Классификация переломов акромиального конца ключицы

Добавил пользователь Алексей Ф.
Обновлено: 21.12.2024

Подавляющее большинство переломов ключицы возникает в ее среднем отделе. Примерно 25 % переломов ключицы локализуются в ее латеральной трети и относятся к переломам акромиального конца. При таких переломах достаточно часто жалобы сохраняются в течение длительного времени, при этом существует значительный риск формирования ложного сустава или консолидации в патологическом положении.

Эти последствия обусловлены множеством деформирующих усилий и сопротивлением связок в области дистального конца ключицы. Ключицу можно рассматривать как балку, соединяющую верхнюю конечность с осевым скелетом, учитывая ее взаимоотношения с лопаткой. Клювовидно-ключичные (КК) связки, обеспечивающие фиксацию ключицы к клювовидному отростку лопатки, противодействуют проксимальному смещению ключицы. Акромиально-ключичные связки (АК) связывают акромион и ключицу в области акромиально-ключичного сустава и являются первичными стабилизаторами смещения кпереди и кзади.

К деформирующим силам, передающимся на дистальный сегмент ключицы, относятся вес верхней конечности (вектор силы направлен книзу), трапециевидная мышца (векторы силы направлены кверху, медиально и кзади) и грудино-ключично-сосцевидная мышца, прикрепляющаяся к проксимальному отделу ключицы и развивающая силу, направленную кверху.


Переломы акромиального конца ключицы делятся на три типа. В зависимости от локализации перелома частота значительного смещения отломков может достигать 35 %. На положение проксимального отдела ключицы в основном влияет локализация перелома акромиального конца, определяющая, таким образом, последствия травмы.
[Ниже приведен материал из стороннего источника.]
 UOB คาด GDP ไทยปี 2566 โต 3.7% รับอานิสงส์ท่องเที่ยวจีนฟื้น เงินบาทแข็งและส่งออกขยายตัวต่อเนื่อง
Самыми частыми переломами акромиального конца ключицы со смещением отломков являются переломы II типа. При этом линия перелома проходит медиальнее (тип IIа) или между (тип IIb) клювовидно-ключичными связками, а проксимальный отдел ключицы остается без связочного стабилизатора против смещения акромиального отдела книзу под действием веса верхней конечности. В дополнение к этому мышцы, прикрепляющиеся к проксимальному отделу, смещают его кверху. Это приводит к значительному смещению отломков, таким образом, эти переломы подвержены формированию симптоматичного ложного сустава.

Конечно, можно предложить консервативное лечение, но мы обычно убеждаем пациента, что при таком типе перелома хирургическое лечение предпочтительнее. К счастью, для лечения пациентов с такими переломами в настоящее время разработаны малоинвазивные методики.
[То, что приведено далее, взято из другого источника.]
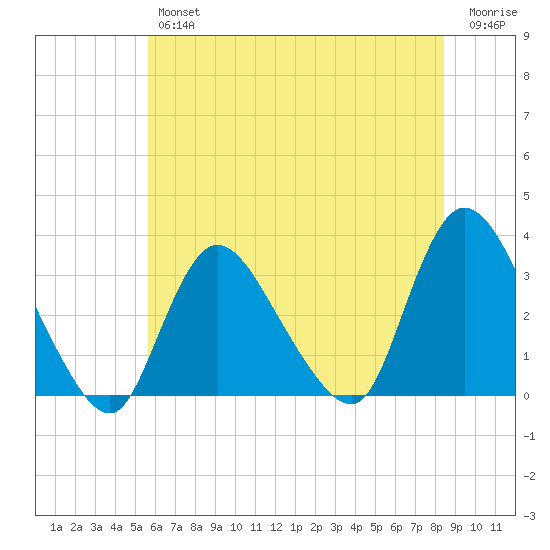Riviera Beach tide chart for Thursday, July 14, 2022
Переломы третьего типа встречаются нечасто, но могут создавать значительные проблемы. Линия перелома распространяется в акромиально-ключичный сустав. Костный фрагмент сам по себе может быть небольшим и раздробленным, что затрудняет выполнение остеосинтеза, так как адекватная фиксация отломка акромиального конца ключицы невозможна. Поскольку клювовидно-ключичные связки не повреждены, а расположение отломков в целом довольно неплохое, можно провести консервативное лечение. Однако иногда такие переломы остаются симптоматичными в течение длительного времени, и эффективным способом их лечения является удаление костного фрагмента дистального отдела ключицы.


Схема различных типов переломов ключицы.
А. Перелом первого типа локализуется латеральнее клювовидно-ключичных связок.
Б. Тип IIа локализуется медиальнее клювовидно-ключичных связок.
В. Тип IIb локализуется между клювовидно-ключичными связками.
Г. Тип III — внутрисуставной перелом.